Correlation Between California High and Aggressive Growth
Can any of the company-specific risk be diversified away by investing in both California High and Aggressive Growth at the same time? Although using a correlation coefficient on its own may not help to predict future stock returns, this module helps to understand the diversifiable risk of combining California High and Aggressive Growth into the same portfolio, which is an essential part of the fundamental portfolio management process.
By analyzing existing cross correlation between California High Yield Municipal and Aggressive Growth Allocation, you can compare the effects of market volatilities on California High and Aggressive Growth and check how they will diversify away market risk if combined in the same portfolio for a given time horizon. You can also utilize pair trading strategies of matching a long position in California High with a short position of Aggressive Growth. Check out your portfolio center. Please also check ongoing floating volatility patterns of California High and Aggressive Growth.
Diversification Opportunities for California High and Aggressive Growth
0.21 | Correlation Coefficient |
Modest diversification
The 3 months correlation between California and Aggressive is 0.21. Overlapping area represents the amount of risk that can be diversified away by holding California High Yield Municipa and Aggressive Growth Allocation in the same portfolio, assuming nothing else is changed. The correlation between historical prices or returns on Aggressive Growth and California High is a relative statistical measure of the degree to which these equity instruments tend to move together. The correlation coefficient measures the extent to which returns on California High Yield Municipal are associated (or correlated) with Aggressive Growth. Values of the correlation coefficient range from -1 to +1, where. The correlation of zero (0) is possible when the price movement of Aggressive Growth has no effect on the direction of California High i.e., California High and Aggressive Growth go up and down completely randomly.

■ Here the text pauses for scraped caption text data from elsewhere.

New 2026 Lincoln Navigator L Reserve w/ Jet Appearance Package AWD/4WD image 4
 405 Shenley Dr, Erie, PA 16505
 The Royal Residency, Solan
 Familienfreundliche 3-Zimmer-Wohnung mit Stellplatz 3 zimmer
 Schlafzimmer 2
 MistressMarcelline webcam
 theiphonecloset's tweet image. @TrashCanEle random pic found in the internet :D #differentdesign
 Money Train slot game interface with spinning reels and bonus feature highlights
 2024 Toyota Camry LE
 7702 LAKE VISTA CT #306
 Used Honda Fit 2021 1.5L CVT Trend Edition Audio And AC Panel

Pair Corralation between California High and Aggressive Growth
Assuming the 90 days horizon California High is expected to generate 3.27 times less return on investment than Aggressive Growth. But when comparing it to its historical volatility, California High Yield Municipal is 2.36 times less risky than Aggressive Growth. It trades about 0.08 of its potential returns per unit of risk. Aggressive Growth Allocation is currently generating about 0.11 of returns per unit of risk over similar time horizon. If you would invest 820.00 in Aggressive Growth Allocation on September 12, 2024 and sell it today you would earn a total of 360.00 from holding Aggressive Growth Allocation or generate 43.9% return on investment over 90 days.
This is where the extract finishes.